Трудно описать, что происходило на сцене, — эти конвульсии, эти судороги, эти метания умалишенного. Бедная актриса, которая очаровала нас в первом акте, здесь поддалась и бессмыслице текста и бешенству своего партнера. Это ужо не был даже плохой провинциальный актер из плохой труппы, подвизавшейся лет пятьдесят назад. Это было нечто превосходящее человеческую фантазию. Широко расставив ноги, актер вращал обеими кистями рук вокруг оси так, что они списывали круг и снова появлялись из-за спины совершенно вывернутыми, затем все его тело сжималось в какой-то судороге, словно вместо позвоночника у него была пружина…

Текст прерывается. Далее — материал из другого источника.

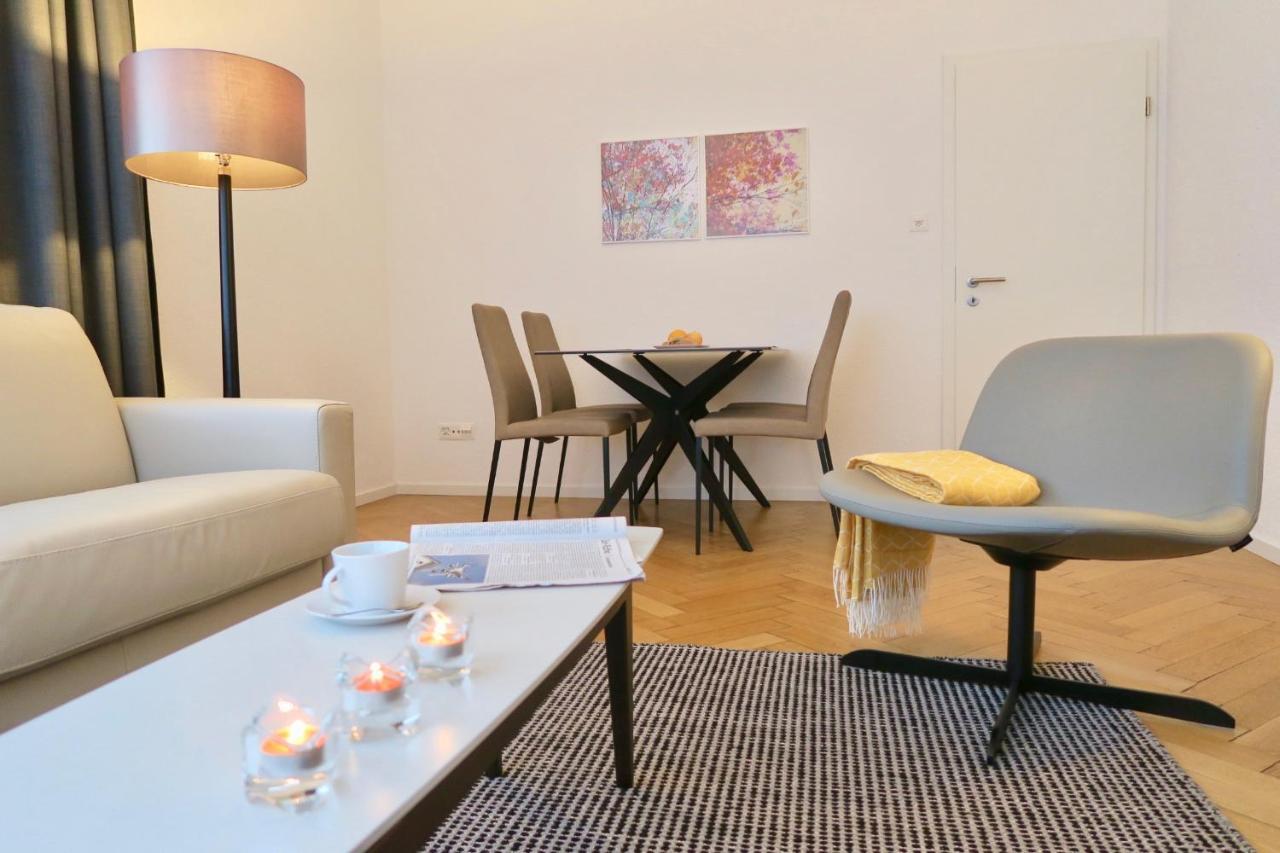 Zurich Furnished Homes Dış mekan fotoğraf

Быть может, в этом повинна пьеса? Пусть так. Но ведь пьеса написана сорок девять лет назад. В театральной программе мы можем увидеть портреты автора то в виде старца в костюме с золотым шитьем академика, то в виде молодого человека, каким он был во времена, когда писал эту пьесу. Я сомневаюсь, была ли эта пьеса и сорок девять лет назад молода. Не знаю, мог ли в то время кто-либо особо интересоваться тем, потеряет ли господин средних лет свою невинность или нет. Быть может, тогда была такая мода, хотя нам случалось читать то, что писалось во Франции в прошлом веке, и — боже мой, — ведь это было совсем другое. Ведь мы помним произведения Мопассана, Флобера, Бальзака. Но пусть так. Пьеса написана сорок девять лет назад и могла преспокойно покоиться в библиотечной пыли. Никто не заставлял ее ставить, никто не принуждал Барро выбирать для своего театра именно эту пьесу, а не другую. И никто не принуждает зрителей, которые покупают дорогие билеты (а они очень дороги), чтобы они ходили на эту пьесу, а если уж идут, чтобы слушали ее с таким восторгом, в таком благоговейном экстазе.

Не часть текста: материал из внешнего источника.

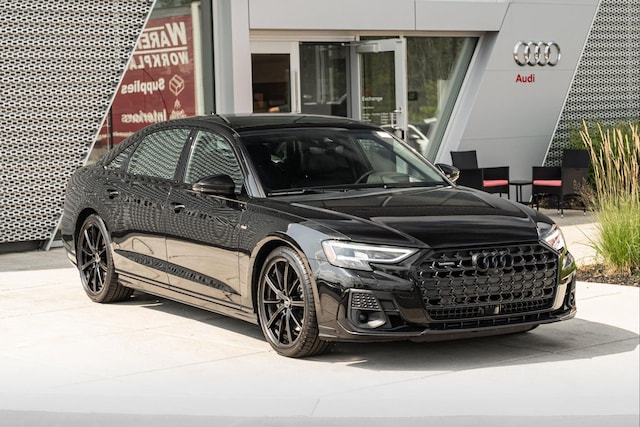 2022 Audi A8 L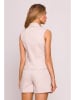 made of emotion Gilet lichtroze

Казалось бы, у сегодняшней Европы есть и другие заботы, кроме той, заметит ли вовремя господин средних лет, что дышло китайской тележки, опирающейся на китайский надгробный памятник, складывается в форме креста (а именно так и выглядит одно из «видимых вмешательств» бога в слишком оживленную деятельность героини). Особенно много совершенно иных забот ость у нынешней Франции, оказавшейся в страшном, невыносимом положении, из которого она должна найти выход. А между тем ставится пьеса совершенно бессмысленная, фальшивая, отвратительная, маскирующая громкими словами и мистическим бредом самую вульгарную эротическую разнузданность, — и сотни французов ходят на нее и впитывают каждое слово, словно евангелие.